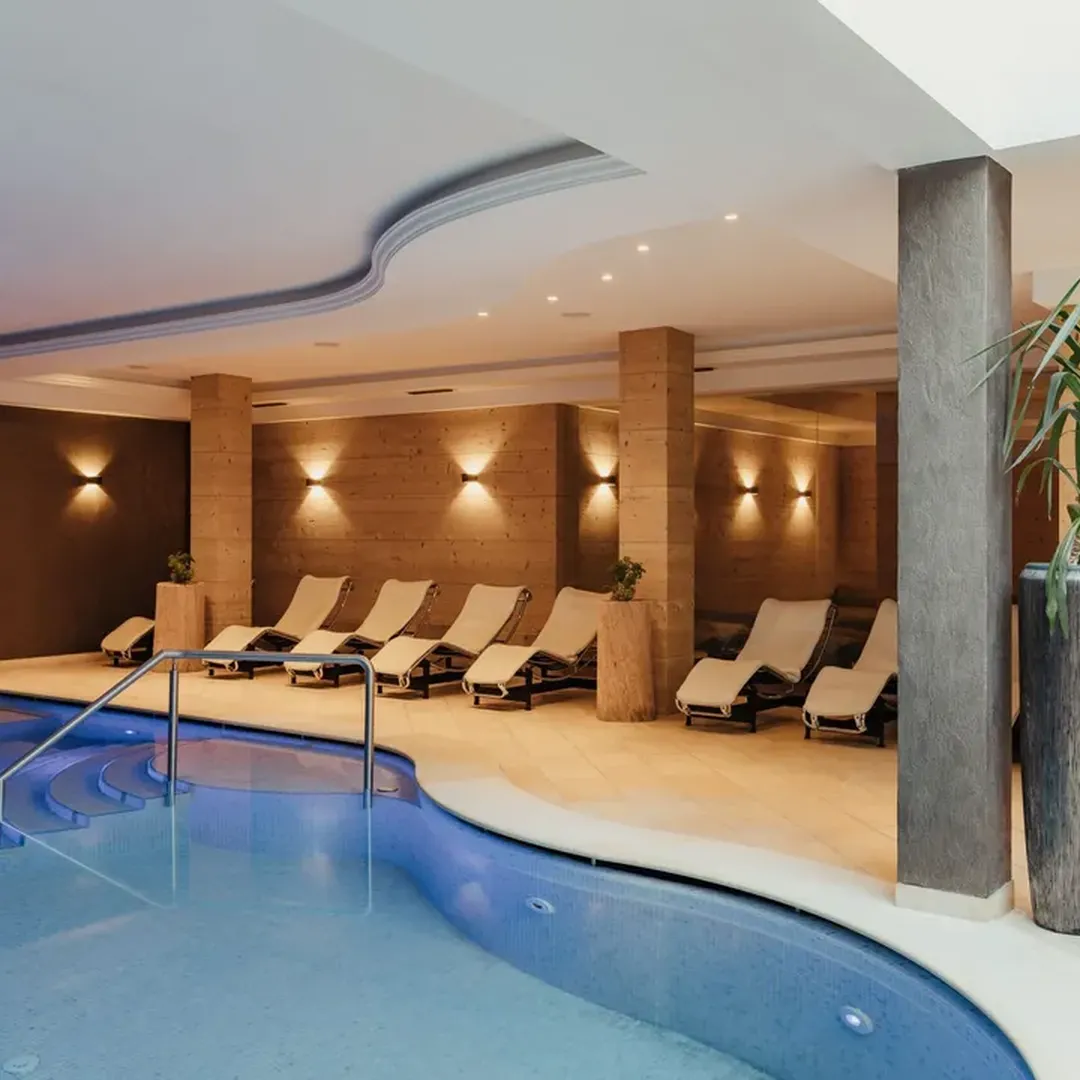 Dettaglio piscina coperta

* * * *

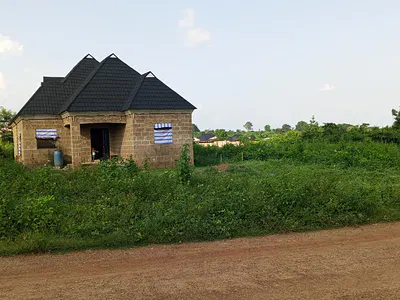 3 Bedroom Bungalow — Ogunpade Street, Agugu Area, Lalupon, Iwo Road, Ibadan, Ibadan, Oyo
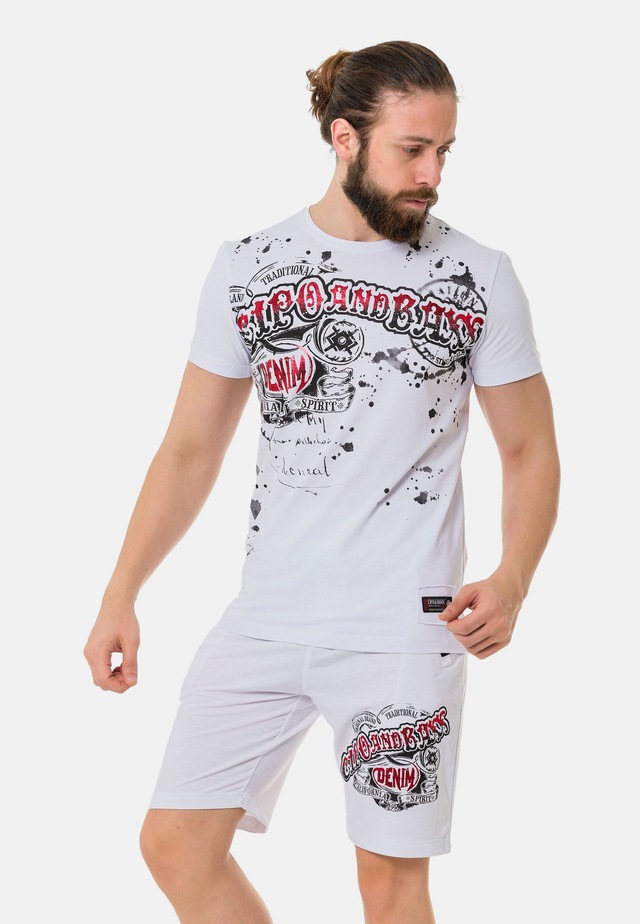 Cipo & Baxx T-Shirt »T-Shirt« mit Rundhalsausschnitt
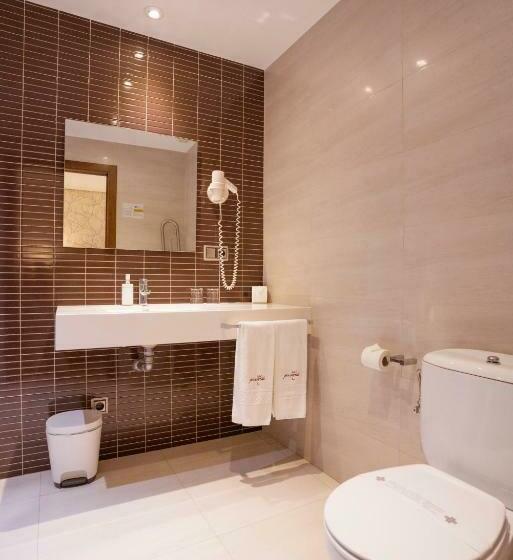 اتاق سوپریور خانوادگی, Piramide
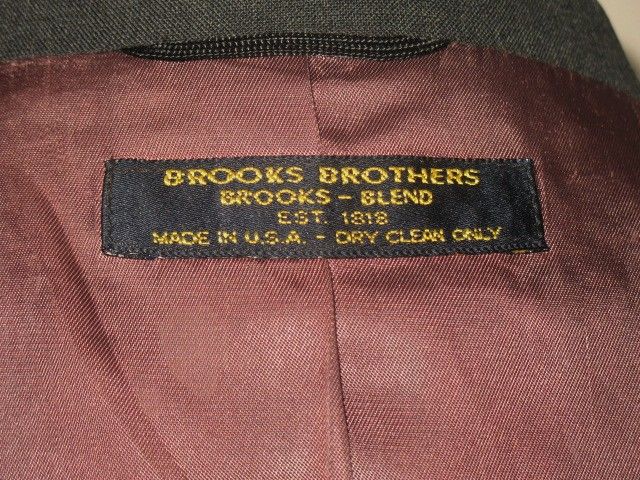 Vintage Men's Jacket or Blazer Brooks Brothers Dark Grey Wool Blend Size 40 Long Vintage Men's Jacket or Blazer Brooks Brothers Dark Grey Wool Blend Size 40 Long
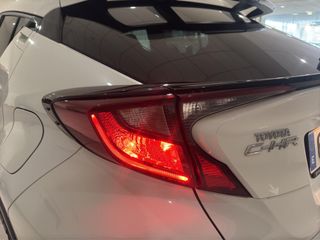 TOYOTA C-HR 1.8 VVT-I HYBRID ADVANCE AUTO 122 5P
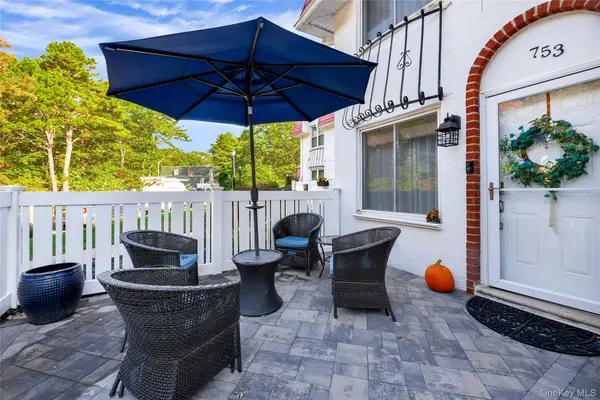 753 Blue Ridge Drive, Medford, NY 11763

* * * *

Exercise. No picture is to be printed. Output exactly the lines above from the line containing "40 Long Vintage" through the line containing "753 Blue Ridge Drive, Medford, NY 11763".

Answer.
 Vintage Men's Jacket or Blazer Brooks Brothers Dark Grey Wool Blend Size 40 Long Vintage Men's Jacket or Blazer Brooks Brothers Dark Grey Wool Blend Size 40 Long
 TOYOTA C-HR 1.8 VVT-I HYBRID ADVANCE AUTO 122 5P
 753 Blue Ridge Drive, Medford, NY 11763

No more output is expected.